How to capture network stats during hive/mapreduce jobs

Super Guru

I am running hive jobs using mapreduce engine. I am want to capture network stats to determine latency between data nodes and racks. Any suggestion how to capture and analyze?

4 REPLIES 4

Re: How to capture network stats during hive/mapreduce jobs

If you are not good with the stats provided at ResourceManager and would like to calculate some benchmarks particularly network related then you need some out of the box solution like "collectd".

Re: How to capture network stats during hive/mapreduce jobs

@Sunile Manjee

I would start looking at Ambari Metrics.

Other option is to use nmon (http://nmon.sourceforge.net/pmwiki.php), an easy tool to visualize and export all OS metrics (CPU, memory, disk and network). @Randy Gelhausen is also working on a zeppelin notebook to visualize nmon exported data (target to monitoring all servers in a data center that are not part of HDP cluster).

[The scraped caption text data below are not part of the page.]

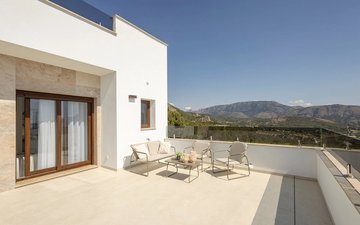 Property slide 16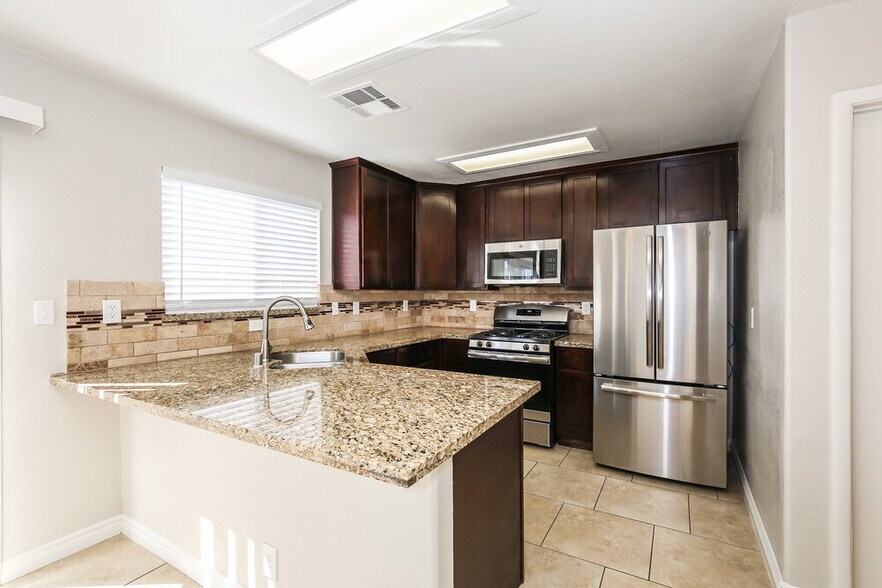 Building Photo - 7909 Rustic Canyon Ct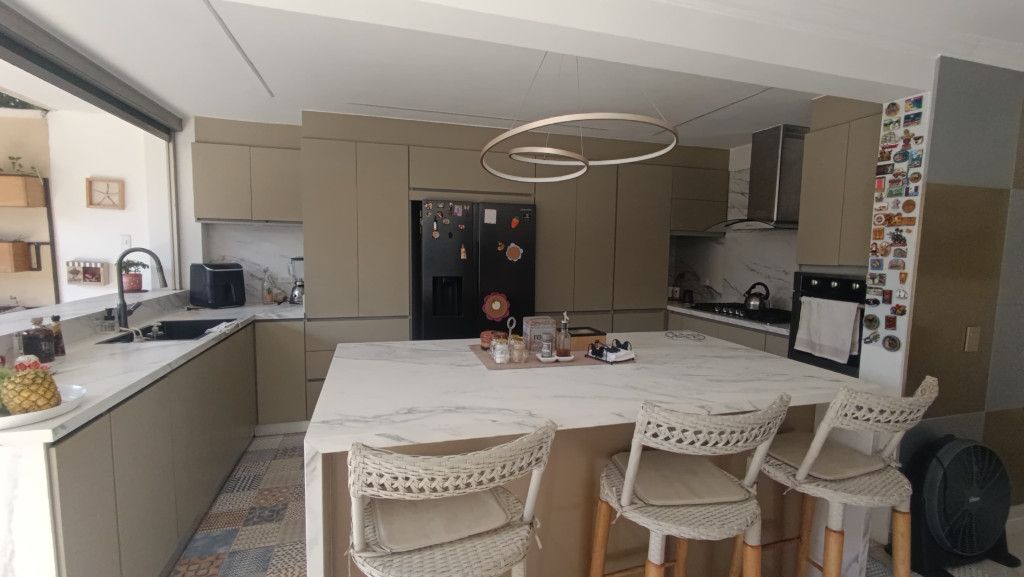 Casa en venta Atlántico Barranquilla El Pueblo 212 m2 Habitaciones 4 Baños 4 Garajes 2 Precio $1500000000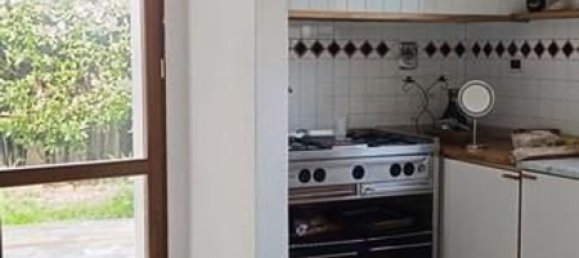 Дом с 4 комнатами в Кастельнуово Магра, Италия № 89064 26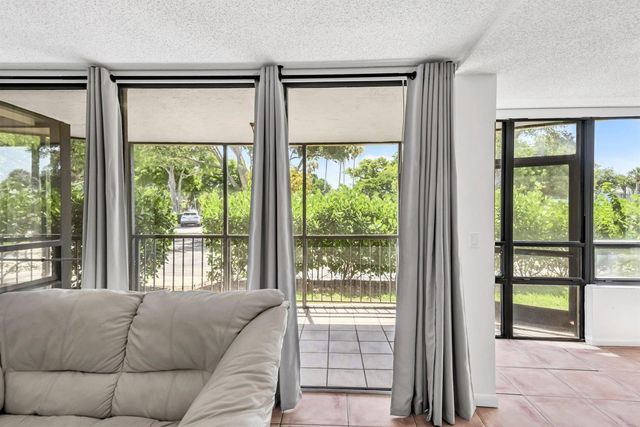 799 Jeffery Street 105, Boca Raton, FL 33487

Another easy tool I like to use is iperf3 (http://software.es.net/iperf/), but this tool generates lot of network traffic to collect maximum bandwidth, I don't think it's a good idea to run this during your job execution.

Re: How to capture network stats during hive/mapreduce jobs

Super Guru

@Guilherme Braccialli thanks for the feedback. @Randy Gelhausen is the notebook available yet? Any chance you can share?

Re: How to capture network stats during hive/mapreduce jobs

Haven't written it up anywhere, but here's my parser for turning nmon files into a table.

It assumes you get whole nmon files written once per minute. I used the following command to create the files to /nmon:

nmon -f -s1 -c1 -m /nmon